I've been MIA, I know. I'm sure it's to be expected with two kiddos to care for now. These last two weeks have been more difficult to date, with Curren having rough periods of sleep during the day (sometimes napping in 10 or 20 minute increments...what the heck!?) and not really going more than 3 hours between feedings at night. Maggie has been getting up most mornigs between 6-6:30am which is a most ungodly hour, considering we don't normally start our days prior to 7am. And this weekend she has battled strep throat and a double ear infection. She was up about 4 times last night and of course, it was the night of Curren's longest stretch between feedings, 4 1/2 hours. Oh, the irony! And on top if it all, I seem to have a cold and don't feel too well. These last 7-14 days have felt like those first few weeks of Maggie's life where we were severly sleep deprived and for me, the world looked quite bleak. I've cried more and felt more alone. And Aron's work has been extremely busy lately, so most days he is gone from 6am-7pm. I'm thankful these times have hit when Curren is almost 6 weeks old because we really did have some joy-filled days those first few weeks and it's good to know that we will get back there.
But, I've been having trouble finding joy lately as my children are not sleeping or feeling well. Being a parent is so much more refining than I ever thought possible; I'm so selfish and want what I want, when I want it. And that's not always how things work. Sigh. It's at times like these that I miss my family terribly. Thankfully, they are coming out in a few short weeks! Hooray! And Aron's mom came for a quick visit over President's Day weekend (and we were able to get out for a date), for which we are grateful. We enjoyed some good downtime with her, ate out a couple of times, and just relaxed. Below are a few pics of her time here.
We are also trying to work through some possible life-changing decisions (more later) and that adds to the stress of life currently. He recently stepped down from his position as Customer Service Manager in his job to focus on special projects, in hopes of easing his tremendously hectic workload so he can focus full-time on school come fall. There is much uncertainty for us right now and I'm praying and trying desperately to see what God has for us. For now, all I can do it take it day by day, sometimes hour by hour. And cling to the good things that happen on a daily basis, even if they are few and far between.
Oh friend, you have so much on your plate right now and that doesn't even begin to account for new baby C. Hang in there. You are through the hardest part and I hope you can just do whatever you need to be rested and sane. :)
ReplyDeleteI love you.
xoxo
Suz, I so understand the refining nature of parenting is so very hard, especially when you just want sleep. Hugs. We, too, are also processing the next huge life changing chapter and adding little ones to that makes life quite stressful. I'm encouraged by your attitude and trying to keep things in godly perspective.

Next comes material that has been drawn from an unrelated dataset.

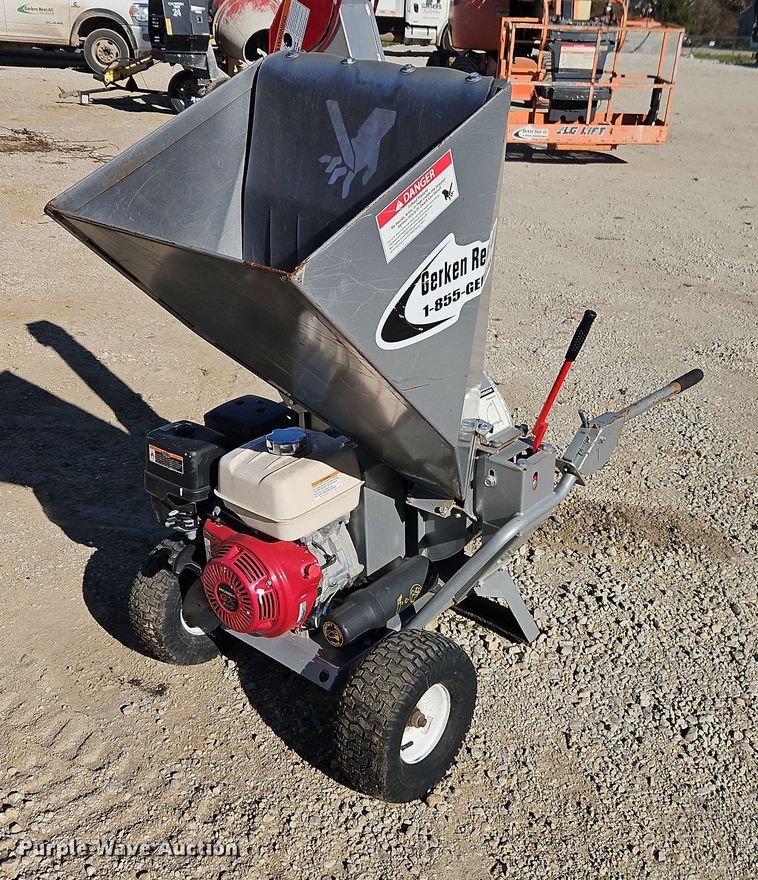 Dosko 13-21T-13H wood chipper - EO4784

ReplyDeleteHey friend, I'm praying for you. I remember how hard 1 infant was, I can only imagine how difficult 1 infant and 1 toddler are. Praying for a healthy bodies all around and that you all get back on some sort of routine (if such a thing exists!) HUGS!
ReplyDeletehey friend. was wondering how things were with you, since it's been a bit quiet. oh, girl i feel for you. so true how refining p-hood is, which is a blessing, bearing such great fruit, but so hard at the same time. i was so shocked by the difficulty of it when owen came along...but you can do it b/c God has called you to it! He is with you to help, even though it seems so bleak and tiring. (i used to repeat that when i'd wake up again & again w/ fussy O...'this is God's will for me') REST as much as you can...since you're sick and the littles aren't sleeping so hot. that is SO hard when they aren't sleeping:( praying for you now. much love. xo
ReplyDeleteHang in there sweet thing! You'll get through it! We all do... though it seems like it's never going to end at the moment we are going through it, does it? ;) Everyone has these tough times, and clinging to the Lord is just what we all need. i am praying for you Suz! You'll get through it... looking forward to hearing about the life changing things! I can not believe Curren is already 6 weeks old! It just doesn't seem possible!
ReplyDeleteLack of sleep just makes everything else seem 100 times harder!
ReplyDeleteI appreciate your candid thoughts and know just where you're coming from.